The Ottawa City Council was accused of trying to marginalize truckers and their families by Lawrence Greenspon, defence counsel for Tamara Lich, during her ongoing trial in Ottawa, Ontario. Lich, along with co-defendant Chris Barber, is facing charges of mischief, intimidation, obstructing police, and counselling others to commit mischief and intimidation. These charges are related to their involvement in organizing the 2022 Freedom Convoy, a peaceful demonstration against government-imposed mandates and restrictions for public health purposes.
During the trial, Greenspon cross-examined Serge Arpin, former chief of staff for former Ottawa Mayor Jim Watson, about a change made to a local bylaw regarding idling vehicles. Prior to 2022, the City of Ottawa allowed idling of vehicles when the outdoor temperature was five degrees Celsius or lower.

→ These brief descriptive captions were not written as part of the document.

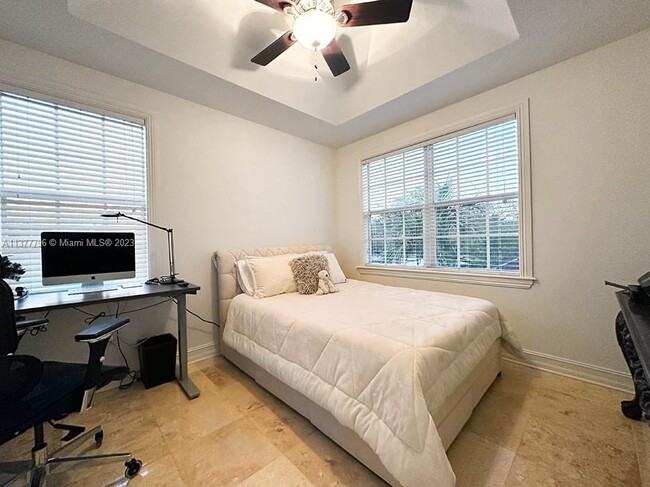 Foto del edificio - 505 SW 16th Ct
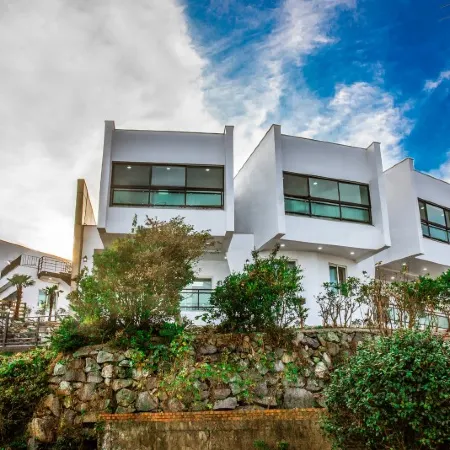 Geoje Rockspa Pension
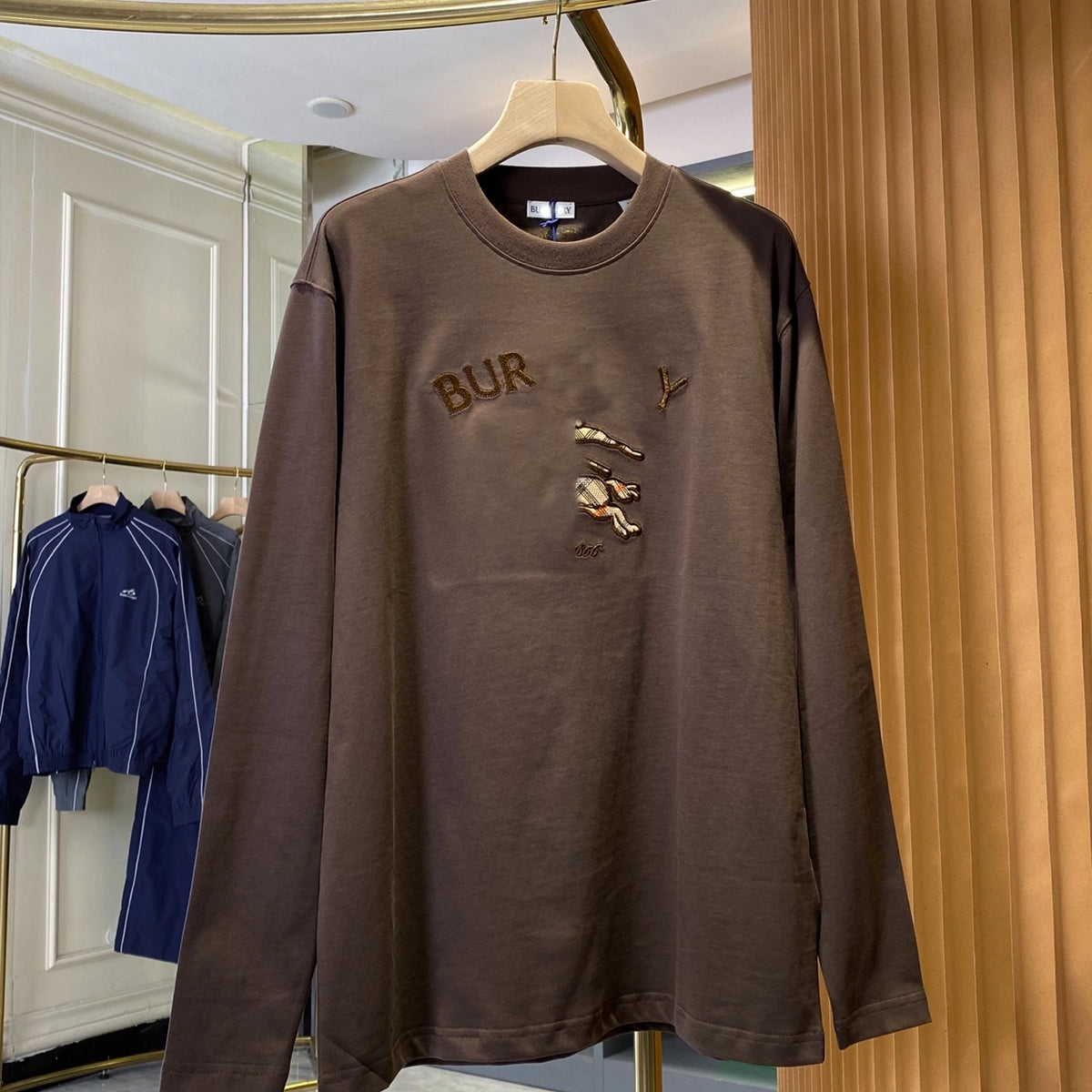 Unisex embroidered cotton long-sleeve ・ Custom embroidery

However, during the Freedom Convoy, the city lowered the temperature required for idling to -15 degrees Celsius.
Arpin acknowledged during cross-examination that the city’s management was focused on putting an end to the demonstration and that the decision to change the bylaw was made within that context. He also admitted that the purpose of the bylaw change was to reduce the number of protesters participating in the Freedom Convoy.
The defence argued that the city’s actions were aimed at freezing out the truckers and their families who were part of the demonstration. Lawrence Greenspon stated that the bylaw change was a deliberate attempt to make it more difficult for the truckers to protest effectively.
The trial also included questioning of Arpin about his involvement in the city’s communications and negotiations with Keith Wilson, a lawyer acting as an intermediary between the city and the defendants. Arpin revealed that he had apologized to Wilson after the city effectively ended its negotiations with the defendants. He acknowledged that this was a failure on the city’s part to uphold “good faith” in the negotiations.
The trial has now been adjourned and will resume on October 13. This extended break will allow both the prosecution and defence to prepare their arguments for the next phase of the trial.
The allegations made by the defence raise concerns about the potential abuse of power by the Ottawa City Council and the degree to which they were willing to undermine the rights of citizens for their own political agenda. The outcome of this trial will have significant implications for the right to peaceful protest and the ability of individuals to challenge government actions they believe are unjust or unconstitutional.